My kids do it/were taught differently, so I guess things are coming around again, like fashion!
Yep me too, about 20 years ago. We didn't bother with sticking a zero on the front that was pretty obvious.
Also this is how it was thought in the old books from back in the 50s and 60s that my dad showed me.
As far as I'm aware this is 'proper' long division.
 

qwerty321

Member
I'm 22 and I remember doing this method a little bit when I was in the tail end of primary school. Never really understood it or got the hang of it though.
 

tvbox

Distinguished Member
It's called long division because it's long. I use the same 'bus shelter' method, but keep it compact and ignore the zeros and the subtracting... well I right it in small next to the next number if that makes sense. This just writes out the subtracting part
 

Iccz

Member
It's annoying how you have to go through the steps on things like this at school. I remember algebra "2x + 8 = 22 ... what is x?" Would be able to get the answer instantly, but apparently you have to work it out... without just working it out in your head. So you have to balance it etc and show your workings... it's silly because it doesn't matter how you work it out, as long as you work it out!
Hated the whole "rules" thing about a lot of maths.
 

richard plumb

Distinguished Member
its just that its long-winded and a bit confusing looking. Looking at it some more, it just looks like it moves the 'remainder' calculation to a separate step.

So you ignore the remainder, but then you re-multiply, then subtract, which gives you the remainder, then you bring the next digit down.

We just did '42 divided by 25 = 1, remainder 17. carry the 17 to the next digit gives you 175. 175 divided by 25 = 7. Answer 17'

My son has learnt this method (they call it 'bus stop') so I'm hoping they're just showing this as an alternative method
 

richard plumb

Distinguished Member
So for the example used of 425 divided by 25, I would have been able to write '17' down virtually instantly at 11 years old - and having worked it out using mental arithmetic. And I was not unique in that ability, such was the standard of the teaching in those days.
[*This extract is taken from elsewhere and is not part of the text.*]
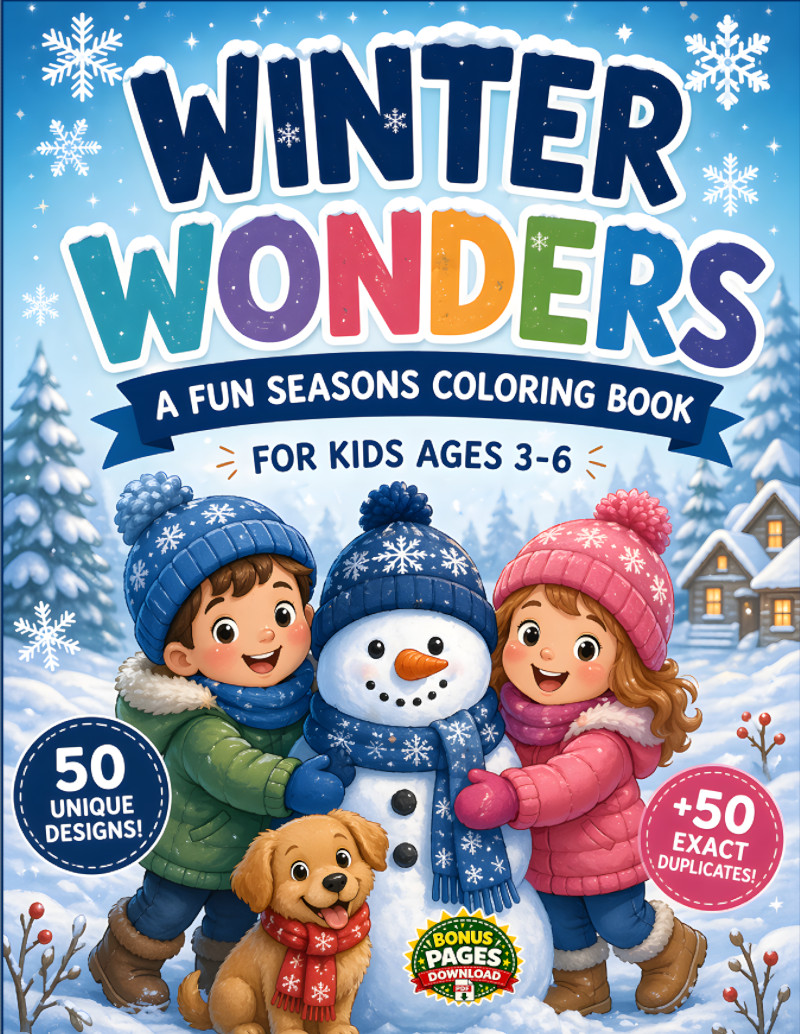 Winter Wonders: A Cozy Winter Coloring Book for Kids Ages 3–7 cover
(Stands by mi' bed ready to get shot down)
425/25 is just an example though to describe the method with simple numbers. You'd use it with more complex sums. You know 68779/37 off the top of your head? :devil:

I get your point though. I do encourage my kids to look around the problem. Don't brute force it, think of numbers as objects you can manipulate. eg when he was trying to work out 70 divided by 14, I quietly pointed out that if you double 70, you get 140... and then he was off.
 
richard

No. But i very readily can recognise that there are:

4 x 25 in 100.

4 x 100 in 400

and finally 1 x 25 in 25

I also, from my learned off pat tables know that 4 x 4 = 16.

So the answer must be 16 + 1 items of 25 or 17 of them.
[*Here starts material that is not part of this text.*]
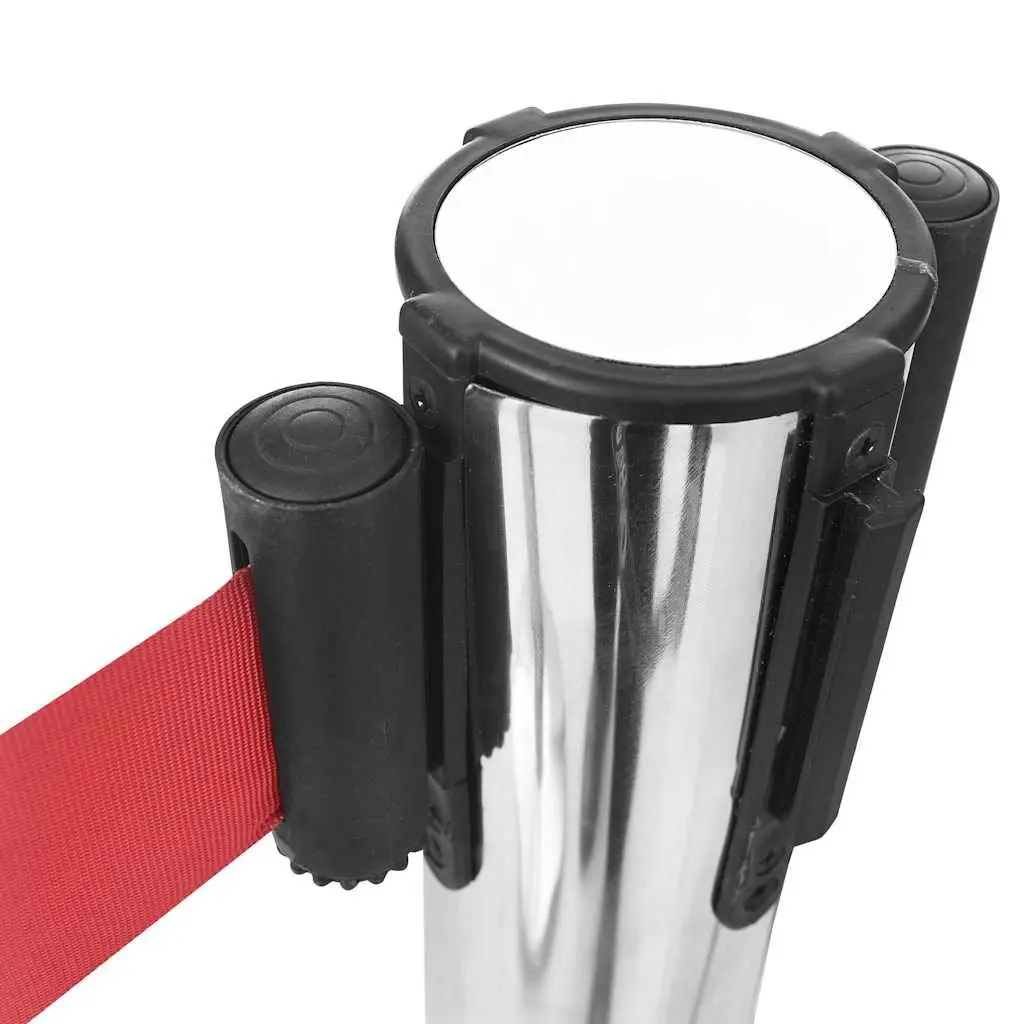 Retractable Belt Barrier 200cm Queue Control Red Crowd Safety Stanchion System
And I can confirm that simple arithmetic like this, can be done in my head.

I can't do the sum 68779/37 in my head. If it is perfectly divisible without any remainder, then from my knowledge of multiplication tables, I can tell you that the answer would end in a 7.

That's about it really.
 

Iccz

Member
richard

No. But i very readily can recognise that there are:

4 x 25 in 100.

4 x 100 in 400

and finally 1 x 25 in 25

I also, from my learned off pat tables know that 4 x 4 = 16.

So the answer must be 16 + 1 items of 25 or 17 of them.
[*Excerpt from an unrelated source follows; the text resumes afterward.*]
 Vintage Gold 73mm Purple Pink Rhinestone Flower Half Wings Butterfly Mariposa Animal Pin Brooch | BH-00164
And I can confirm that simple arithmetic like this, can be done in my head.

I can't do the sum 68779/37 in my head. If it is perfectly divisible without any remainder, then from my knowledge of multiplication tables, I can tell you that the answer would end in a 7.

That's about it really.
That is why they teach methodolgy using simple sums first, to help familiarise people with the methods of getting to the answer if they are unable to do it quickly in their head their own way.

Just like with solving equations algebraically. Most people can work out simple things like "x - 5 = 3", so don't need to apply their methods, but the reason it is taught and forced on people is so they learn to apply the methods to work it out. I don't agree with it myself, but it does help people to learn how to do these things if they can't get it straight off in their head.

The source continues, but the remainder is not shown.